◆ **Aim of the task**
With the pictures set aside, return the lines below exactly, beginning at the first and ending at the line containing "For privacy, if".

◆ **Given entries**
┏━━

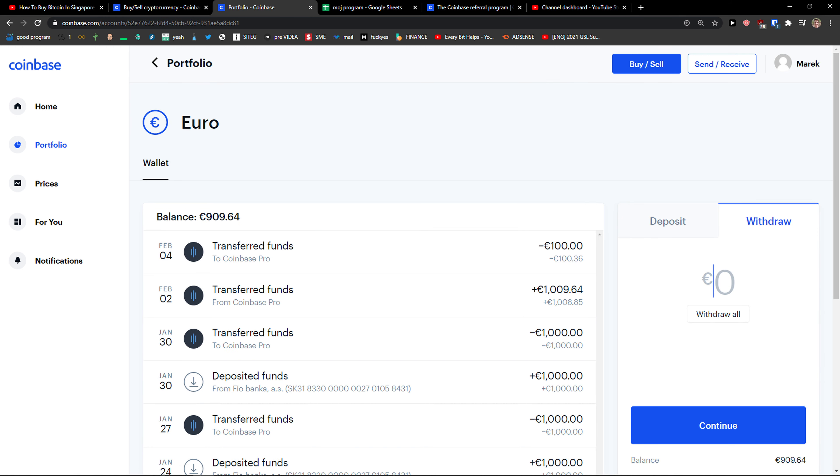And this is pretty much it, how you can buy Bitcoin in Malaysia. Thank you very much. If you have any questions guys, ask me down in the comments and have a great day and goodbye. See ya!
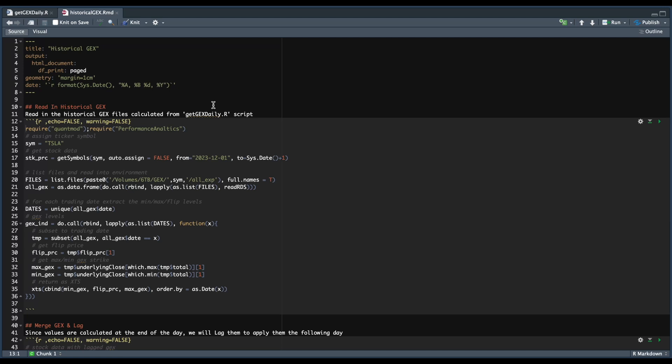Hey guys, welcome back. Last week we went over the script on getting historical gamma exposure levels for each of the stocks in your data set.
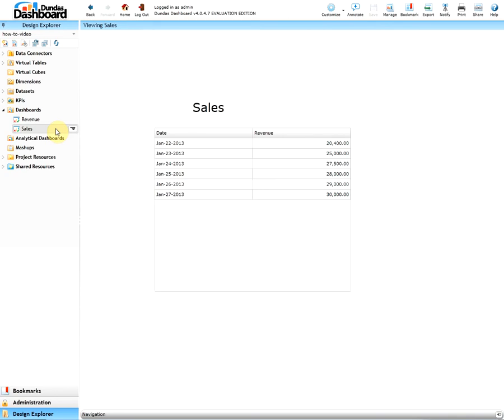Since both dashboards display similar things and we want to integrate our company's colors and logo, we can create a template for a dashboard once and then have both of these dashboards use it. Let's create a template to see how it will work.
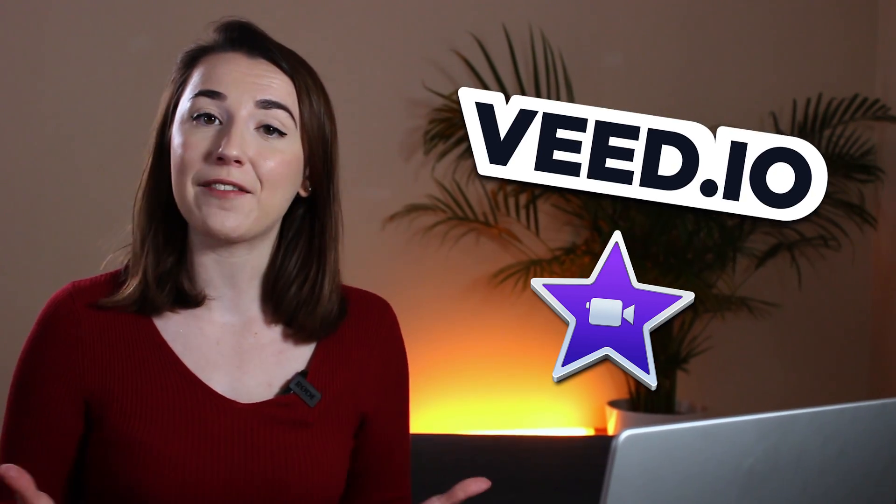And that's how to add animated subtitles in iMovie and Veed. If you have any questions about either software don't hesitate to put a comment below. I hope you found this video helpful and I'll see you next time.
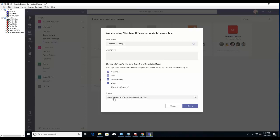For privacy, if it's public, anyone in the organization can join. You might want to add a description about this group. So let's go ahead and click 'Create'.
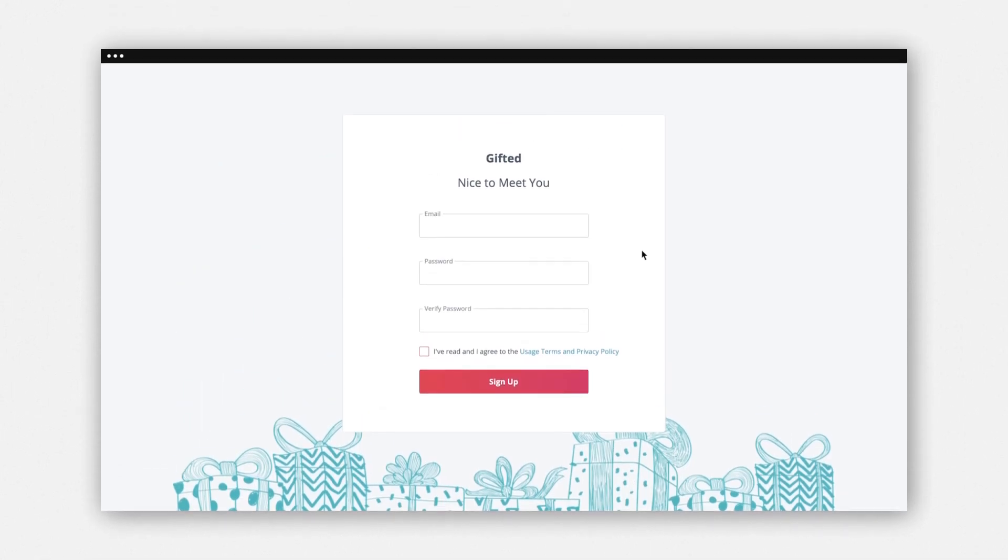You'll be sent to Gifted's registration page. Enter your details and click Sign Up.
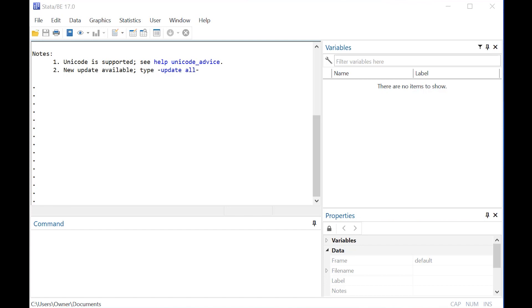Hey there, today we're going to learn how to do a binomial confidence interval in Stata.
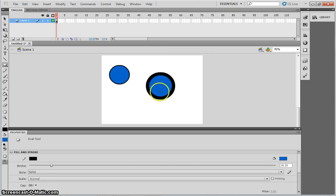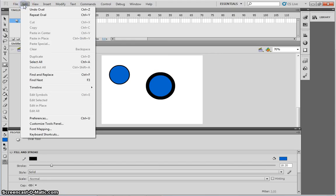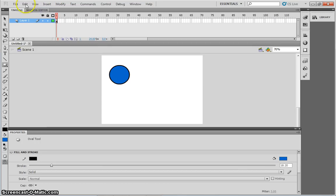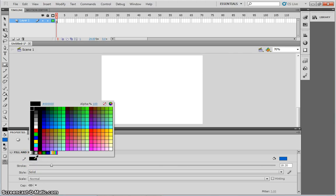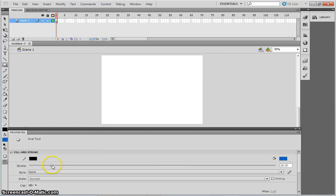I'm just going to undo this. To undo, I'm going to go to Edit, Undo. So, I'm going to make sure that I have the black selected as my outline on the oval tool. I'm just going to change the thickness of the line to around 5 pixels.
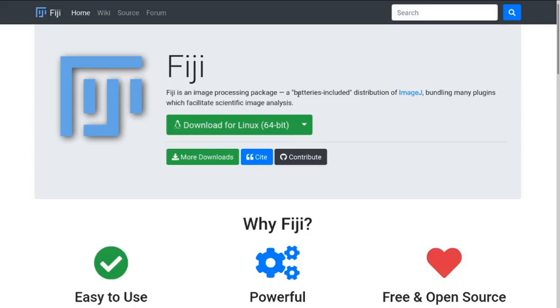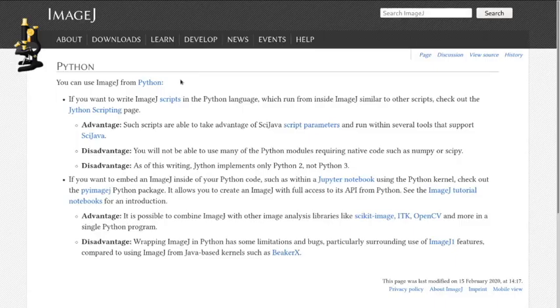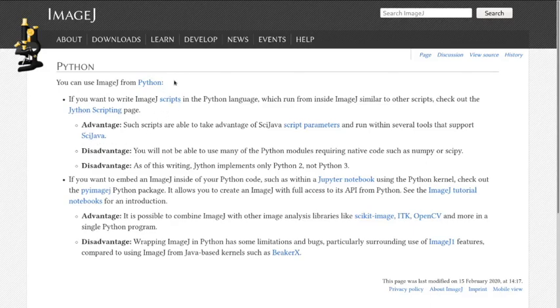So this is all relatively experimental. First of all, someone asked the other day why use Python inside ImageJ. ImageJ has very kindly given some advantages and disadvantages. But today we're going to talk about using ImageJ inside Python.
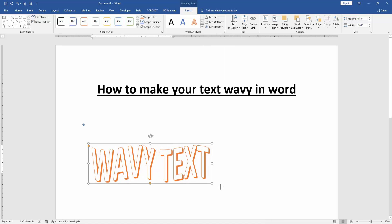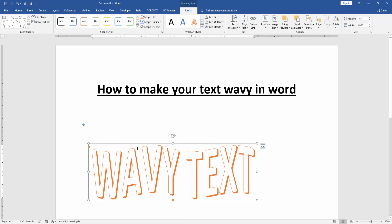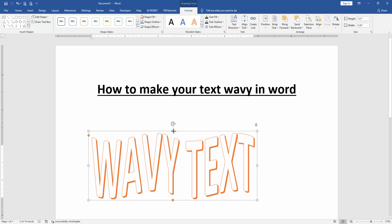Then resize the text size and we can see here we make wavy our text.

┗━━

◆ **Task output**
And this is pretty much it, how you can buy Bitcoin in Malaysia. Thank you very much. If you have any questions guys, ask me down in the comments and have a great day and goodbye. See ya!
Hey guys, welcome back. Last week we went over the script on getting historical gamma exposure levels for each of the stocks in your data set.
Since both dashboards display similar things and we want to integrate our company's colors and logo, we can create a template for a dashboard once and then have both of these dashboards use it. Let's create a template to see how it will work.
And that's how to add animated subtitles in iMovie and Veed. If you have any questions about either software don't hesitate to put a comment below. I hope you found this video helpful and I'll see you next time.
For privacy, if it's public, anyone in the organization can join. You might want to add a description about this group. So let's go ahead and click 'Create'.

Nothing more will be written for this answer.